02 February, 2007

Little Miss Sunshine

Yes, Abigail Breslin's character pretty much looked the way I looked when I was 8. Poochy tummy and all. Since I was a little girl into the theatre (as opposed to beauty pageants) I can relate wholeheartedly to Olive Hoover. There's nothing like wanting to perform but not being "right" for it. Showing up for auditions in a roomful of stick-thin blondes while being round-bodied and four-eyed was certainly character-building. The way I see it is you have two choices; either make your peace with it and be at home with yourself or become crippled with self-loathing. I picked option A, as did Olive Hoover.

Still, I hated this movie. H-A-T-E-D it.

The pageant talent routine is a moment of gold, but I'm ticked at having to sit through the rest of the shrill, unlikeable movie to get there. I do wonder what's wrong with me because everyone else in the world seems to think LMS is the second-coming of movies.

When an ad campaign tells me that a movie is funny, I sort of expect to laugh. Instead I spent most of this movie cringing with discomfort. At one point a character yells "I f-----g hate all you people." I wholeheartedly agree. Wallowing in misery for 85 minutes only to have 4 minutes of comic payoff is not a fun experience for me.

Now if you'll excuse me, I'm off to eat some ice cream.

9 Comments:

At 12:57 PM, February 02, 2007, Blogger Dan Trabue said...

It was a harsh movie. And yet, I found myself laughing out loud all the way through it. I bordered on not liking it, but ultimately, enjoyed it.

Go figure.

 
At 1:26 PM, February 02, 2007, Blogger Slartibartfast said...

Kat, I didn't see this, so tell me if my impression from reviews and clips was correct:

I LOVE movies about quirky, strange families (While You Were Sleeping, Moonstruck), as long as the stories are filled with love and hope. I have absolutely NO use for nihilistic stories about dysfunctional families. From what I could gather, that was this movie.

No hope, no spirit, just dysfunction for its own sake.

How close was I?

 
At 1:35 PM, February 02, 2007, Blogger Kat Coble said...

Slarti, you've pretty much got it right. There was a wee bit o' tacked on "we love each other" at the end, but 2 minutes of forced congeniality don't make up for 90 minutes of yelling, screaming bitterness.

 
At 3:21 PM, February 02, 2007, Blogger Jamie said...

LMS was not what I expected at all, but I still liked it. Well, most of it. I like indy movies that have one main point, and I like the point this movie made. Getting there, though, was painful in parts. I rarely want to bitchslap somebody so badly as I wanted to bitchslap Greg Kinnear's character (I suppose that means he was convincing, though). I loved Steve Carrell, Alan Arkin and Abigail Breslin especially.

I thought that the dance part was the most painful part of all, though.

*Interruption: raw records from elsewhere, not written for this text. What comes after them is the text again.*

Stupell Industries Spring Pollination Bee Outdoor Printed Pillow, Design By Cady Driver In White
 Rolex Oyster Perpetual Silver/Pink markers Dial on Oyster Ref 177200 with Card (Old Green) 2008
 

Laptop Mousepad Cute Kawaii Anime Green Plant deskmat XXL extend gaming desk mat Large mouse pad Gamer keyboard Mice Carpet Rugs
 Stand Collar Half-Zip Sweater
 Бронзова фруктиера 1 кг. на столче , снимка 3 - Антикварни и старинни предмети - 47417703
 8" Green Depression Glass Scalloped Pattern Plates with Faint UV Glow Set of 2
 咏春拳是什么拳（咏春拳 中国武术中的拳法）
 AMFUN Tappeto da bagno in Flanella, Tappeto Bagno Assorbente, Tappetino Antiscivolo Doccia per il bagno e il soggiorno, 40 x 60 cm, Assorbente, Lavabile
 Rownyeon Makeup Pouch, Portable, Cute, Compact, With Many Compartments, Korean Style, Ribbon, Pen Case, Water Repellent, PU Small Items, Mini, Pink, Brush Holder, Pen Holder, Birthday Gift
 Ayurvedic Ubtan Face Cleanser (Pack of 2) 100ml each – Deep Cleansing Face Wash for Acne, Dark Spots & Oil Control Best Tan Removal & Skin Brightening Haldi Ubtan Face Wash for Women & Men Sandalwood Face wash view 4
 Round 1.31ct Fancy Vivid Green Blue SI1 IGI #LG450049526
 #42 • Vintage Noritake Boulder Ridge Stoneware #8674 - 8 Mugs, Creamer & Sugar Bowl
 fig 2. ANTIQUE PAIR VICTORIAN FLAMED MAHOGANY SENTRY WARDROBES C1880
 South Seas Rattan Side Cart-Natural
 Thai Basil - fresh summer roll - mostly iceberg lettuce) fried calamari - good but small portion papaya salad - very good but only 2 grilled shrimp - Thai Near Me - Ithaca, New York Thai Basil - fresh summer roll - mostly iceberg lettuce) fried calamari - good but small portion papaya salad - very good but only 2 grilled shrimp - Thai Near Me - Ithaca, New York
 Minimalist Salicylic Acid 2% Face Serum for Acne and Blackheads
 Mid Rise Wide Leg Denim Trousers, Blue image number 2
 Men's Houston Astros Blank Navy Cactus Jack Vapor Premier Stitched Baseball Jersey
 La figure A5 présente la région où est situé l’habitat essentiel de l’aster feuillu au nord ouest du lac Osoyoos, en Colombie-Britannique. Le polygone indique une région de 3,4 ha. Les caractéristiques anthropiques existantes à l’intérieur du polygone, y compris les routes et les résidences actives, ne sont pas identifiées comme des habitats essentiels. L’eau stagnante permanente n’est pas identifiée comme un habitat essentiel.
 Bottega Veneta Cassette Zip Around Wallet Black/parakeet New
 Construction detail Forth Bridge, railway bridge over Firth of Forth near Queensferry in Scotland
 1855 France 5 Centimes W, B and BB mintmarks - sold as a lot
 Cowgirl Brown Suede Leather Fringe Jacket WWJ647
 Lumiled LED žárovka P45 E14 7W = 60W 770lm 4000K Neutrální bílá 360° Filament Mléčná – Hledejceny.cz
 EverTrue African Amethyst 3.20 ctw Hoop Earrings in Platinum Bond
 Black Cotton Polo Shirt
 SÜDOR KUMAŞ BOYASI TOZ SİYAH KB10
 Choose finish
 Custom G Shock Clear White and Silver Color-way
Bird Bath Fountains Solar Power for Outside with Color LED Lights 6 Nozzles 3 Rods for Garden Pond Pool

I got so embarassed for Olive. The special features on the DVD were real disappointing too.

 
At 3:54 PM, February 02, 2007, Anonymous Anonymous said...

I remember when this played at the Belcourt, I skipped it since Ridley absolutely panned it. So then when it suddenly became popular I wondered if I'd missed something good -- I guess not.

 
At 4:12 PM, February 02, 2007, Anonymous Anonymous said...

I loved it because the characters are so real. They weren't all perfect looking and didn't have perfect homes (like all these stupid Diane Keaton movies she makes lately) they didn't have perfect clothes or perfect lives. It didn't have a fairy tale ending where everything ended up just hunky dory for everybody. For me, it's sorta like the Napoleon and Deb characters. They mirror our insecurities and imperfections.

 
At 5:05 PM, February 02, 2007, Anonymous Anonymous said...

That's exactly how I felt about Borat. Apparently I'm the only one in the country that feels that way, though.

jason

 
At 8:43 PM, February 02, 2007, Anonymous Anonymous said...

My parents were going to rent it when we took the kids down for Christmas. In typical fashion, they thought it looked like a warm family comedy with that likable Greg Kinnear.

I had to break it to Mom that it is rated R and that the grandpa snorts heroin.

This is not the first time this is happened. Thanks, makers of "Bright Lights, Big City" and "Jeffery"!

 
At 7:04 AM, February 03, 2007, Anonymous Anonymous said...

I liked it. It was real (+really annoying in parts), it was I guess mostly a nice change from a lot of the standard movie making that reappears again and again. I found bits of it funny but wasn't going in to see a full on comedy, bits like the dance entirely not all that impressing but there was an underlying warmth that I could dig from the exaggerated disfunctionality and occasional snort. I liked it's quirk. I like that the movie wasn't entirely perfect our about perfect.